══ Collected material

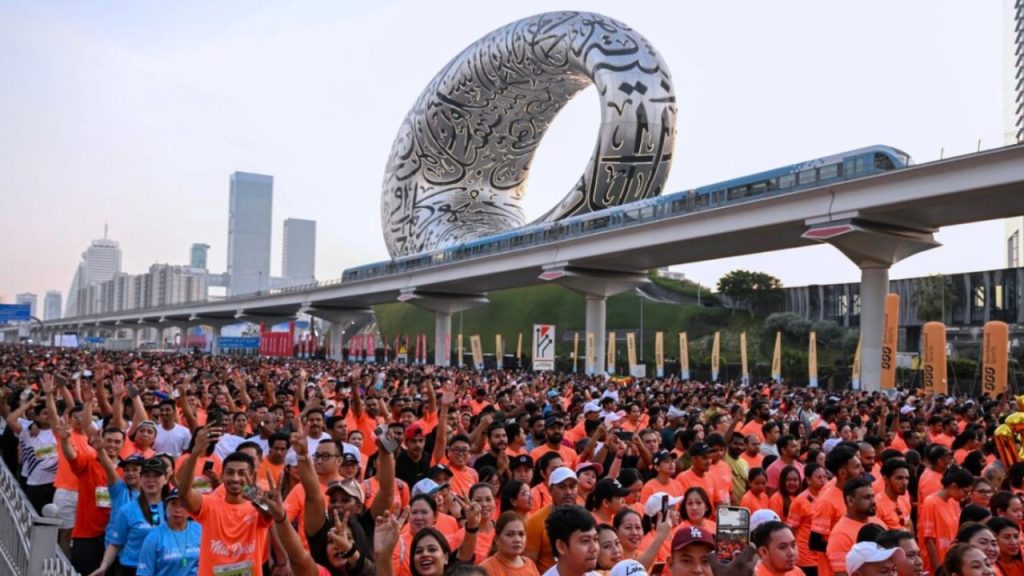 Dubai Population Growth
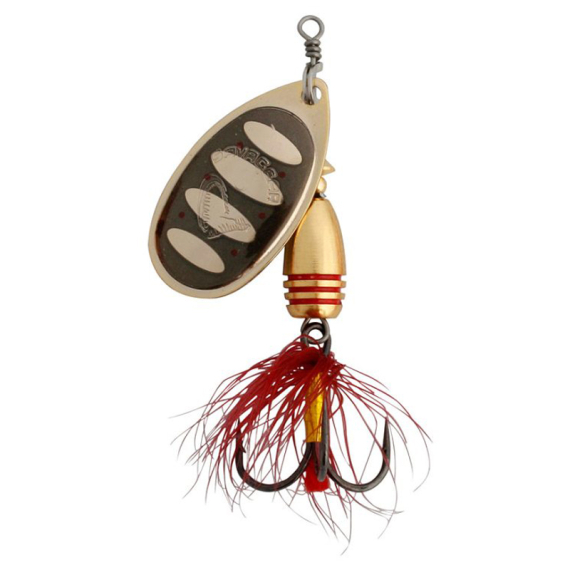 Savage Gear Rotex Spinner #5 14g 03-Gold in de groep Vismethoden bij Sportfiskeprylar.se (42136)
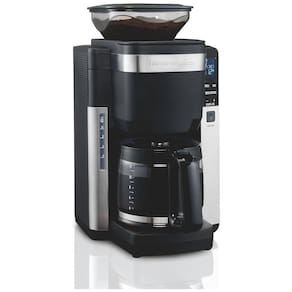Cafeteira Elétrica Programável 2.8L com Painel Digital, 110v, HAMILTON BEACH 45400, Preto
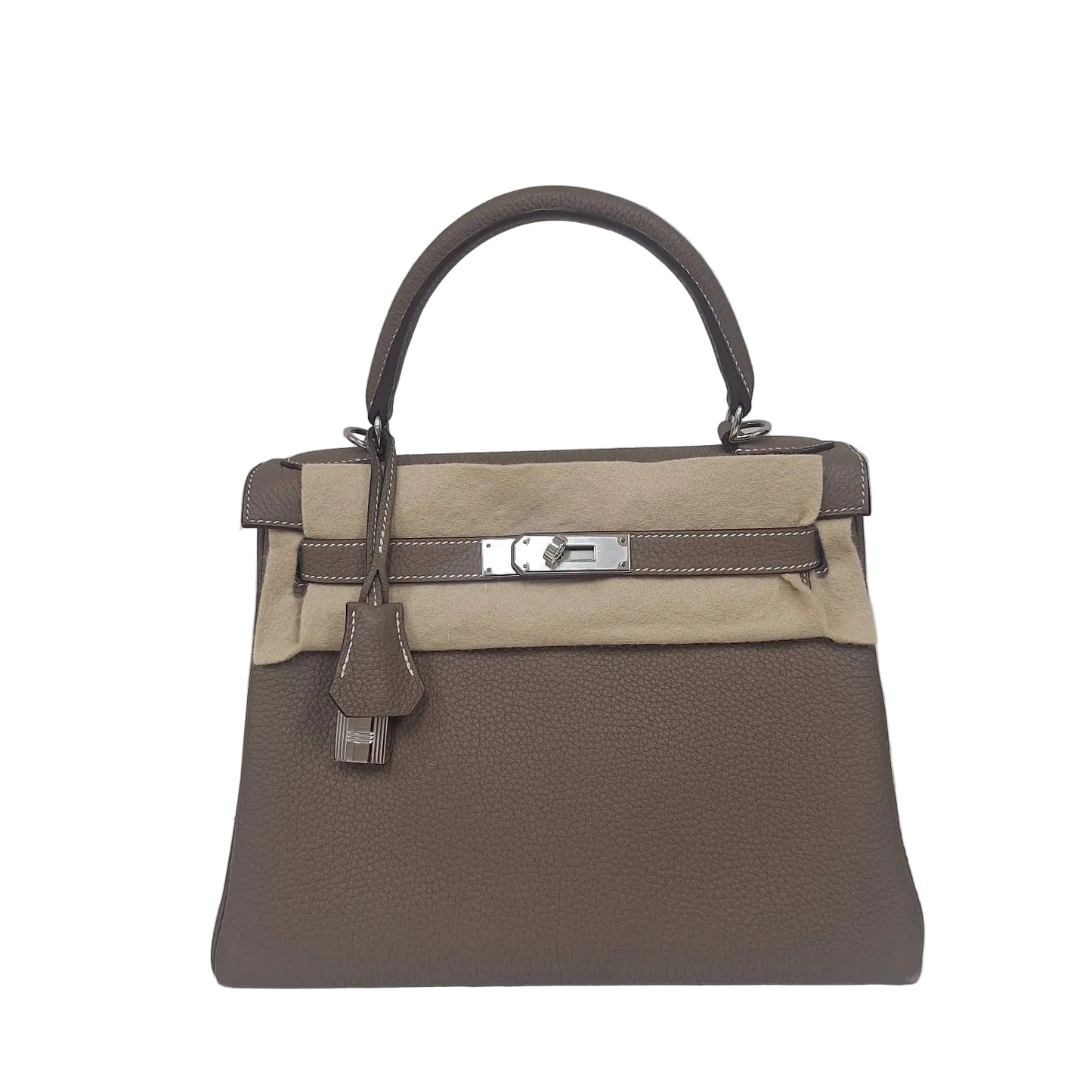 Bolsa Hermes Kelly Etoupe 28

════

Problem requirements.
Restate the material above word for word, omitting the pictures.

Answer to the problem.
 Dubai Population Growth
 Savage Gear Rotex Spinner #5 14g 03-Gold in de groep Vismethoden bij Sportfiskeprylar.se (42136)
Cafeteira Elétrica Programável 2.8L com Painel Digital, 110v, HAMILTON BEACH 45400, Preto
 Bolsa Hermes Kelly Etoupe 28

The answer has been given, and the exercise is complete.